Advertisement

South Africa Theater Chain Wins Desegregation Battle

Share

After years of enduring separate but hardly equal facilities, South Africans now all see the same movies in the same theaters.

Ster-Kinekor, that country’s dominant film exhibition and distribution company, announced during the current American Film Market in Beverly Hills that every one of its 185 theaters is now open to all races, bringing to an end the company’s protracted legal battle with the Pretoria government.

“It took every bit of log-rolling and foot-slogging we could manage in Pretoria,” said David Isaacs, Ster-Kinekor’s director of marketing, who was in Los Angeles for AFM. “Every other entertainment venue in South Africa had been open for years, but the cinemas were something different, for some reason. Now that’s all over with.”

Advertisement

One of the reasons it took so long for the movie theaters, Isaacs said, is that the national government passed on the authority to integrate the theaters to local governments--many of whom are more loyal to the apartheid policy than is the central government in Pretoria.

Only after Ster-Kinekor briefly shut down its theaters in Krugersdorp--a Pretoria suburb--and threatened to do the same to the 20 or so theaters in Pretoria itself did the Pretoria City Council relent and allow all races into all its theaters. The council did so informally sometime in mid-February, and formally on Feb. 26--the opening date of the American Film Market.

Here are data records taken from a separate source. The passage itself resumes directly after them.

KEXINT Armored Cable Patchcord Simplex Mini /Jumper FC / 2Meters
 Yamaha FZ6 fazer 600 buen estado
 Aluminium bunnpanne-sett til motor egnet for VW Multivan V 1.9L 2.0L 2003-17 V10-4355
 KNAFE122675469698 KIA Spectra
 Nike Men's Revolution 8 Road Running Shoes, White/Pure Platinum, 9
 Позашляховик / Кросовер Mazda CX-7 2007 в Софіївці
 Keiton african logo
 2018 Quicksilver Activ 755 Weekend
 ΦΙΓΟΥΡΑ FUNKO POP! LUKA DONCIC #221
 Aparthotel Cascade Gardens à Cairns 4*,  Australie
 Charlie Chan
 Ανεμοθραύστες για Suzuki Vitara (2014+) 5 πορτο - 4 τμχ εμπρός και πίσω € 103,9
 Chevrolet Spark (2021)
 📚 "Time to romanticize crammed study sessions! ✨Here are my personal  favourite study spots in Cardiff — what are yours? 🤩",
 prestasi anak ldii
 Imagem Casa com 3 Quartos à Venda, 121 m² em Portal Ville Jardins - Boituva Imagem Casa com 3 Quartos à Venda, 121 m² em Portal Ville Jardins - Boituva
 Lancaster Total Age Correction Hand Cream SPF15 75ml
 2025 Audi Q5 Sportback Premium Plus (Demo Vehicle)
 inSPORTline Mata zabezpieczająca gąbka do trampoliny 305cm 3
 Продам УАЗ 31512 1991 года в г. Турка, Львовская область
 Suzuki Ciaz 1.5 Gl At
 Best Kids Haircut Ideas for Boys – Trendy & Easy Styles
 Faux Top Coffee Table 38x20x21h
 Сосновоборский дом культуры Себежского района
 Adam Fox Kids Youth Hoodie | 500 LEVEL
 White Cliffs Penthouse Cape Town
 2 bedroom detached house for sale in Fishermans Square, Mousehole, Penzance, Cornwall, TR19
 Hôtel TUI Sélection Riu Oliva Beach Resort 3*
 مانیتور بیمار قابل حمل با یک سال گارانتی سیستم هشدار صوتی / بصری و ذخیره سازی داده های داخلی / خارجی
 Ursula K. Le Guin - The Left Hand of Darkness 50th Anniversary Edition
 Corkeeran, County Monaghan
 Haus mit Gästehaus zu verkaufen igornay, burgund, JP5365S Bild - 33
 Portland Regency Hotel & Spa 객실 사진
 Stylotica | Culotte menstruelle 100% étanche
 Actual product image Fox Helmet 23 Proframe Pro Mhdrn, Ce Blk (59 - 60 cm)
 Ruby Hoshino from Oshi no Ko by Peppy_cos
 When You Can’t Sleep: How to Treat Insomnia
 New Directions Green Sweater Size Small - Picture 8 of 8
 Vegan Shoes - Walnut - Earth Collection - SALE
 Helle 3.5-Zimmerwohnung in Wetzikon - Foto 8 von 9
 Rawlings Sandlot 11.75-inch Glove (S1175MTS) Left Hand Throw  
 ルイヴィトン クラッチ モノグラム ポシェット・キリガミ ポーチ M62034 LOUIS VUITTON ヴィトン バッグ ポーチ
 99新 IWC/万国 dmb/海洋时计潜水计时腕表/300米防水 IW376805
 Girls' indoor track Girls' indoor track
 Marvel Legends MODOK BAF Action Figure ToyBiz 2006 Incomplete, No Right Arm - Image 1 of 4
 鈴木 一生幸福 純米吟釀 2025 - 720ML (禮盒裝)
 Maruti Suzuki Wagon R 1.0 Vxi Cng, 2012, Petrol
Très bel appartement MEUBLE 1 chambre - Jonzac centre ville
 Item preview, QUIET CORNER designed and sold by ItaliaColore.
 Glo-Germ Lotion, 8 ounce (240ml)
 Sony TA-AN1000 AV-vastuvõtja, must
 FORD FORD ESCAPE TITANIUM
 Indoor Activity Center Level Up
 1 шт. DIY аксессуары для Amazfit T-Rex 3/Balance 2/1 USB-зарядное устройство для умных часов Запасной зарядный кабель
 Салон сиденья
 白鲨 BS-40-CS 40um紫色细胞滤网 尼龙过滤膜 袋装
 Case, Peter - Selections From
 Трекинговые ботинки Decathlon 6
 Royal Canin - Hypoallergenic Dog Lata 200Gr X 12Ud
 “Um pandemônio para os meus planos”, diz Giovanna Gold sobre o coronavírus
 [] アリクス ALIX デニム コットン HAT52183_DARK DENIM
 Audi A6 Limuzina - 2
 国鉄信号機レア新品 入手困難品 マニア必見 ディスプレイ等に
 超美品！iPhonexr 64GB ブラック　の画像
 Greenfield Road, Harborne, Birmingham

“We were also working for integration under some pressure from film companies here in the States,” added Isaacs. “After (Columbia Pictures Chairman David) Puttnam said he would not send pictures to South Africa unless all races were admitted equally, it rather started the ball rolling over here. We had already started to make the big push towards integration earlier--about two years ago--but once all the American companies began pressuring both us and the Pretoria government, it got a little easier.”

Isaacs said he doesn’t see any immediate change in cinema censoring habits by the government, but added that “there never really was much that was suppressed by the government in Pretoria. We have an art-house circuit too, you know. But the thing was, only whites could see the majority of these films. That is no longer the case. Whether that changes demand patterns in our country remains to be seen.”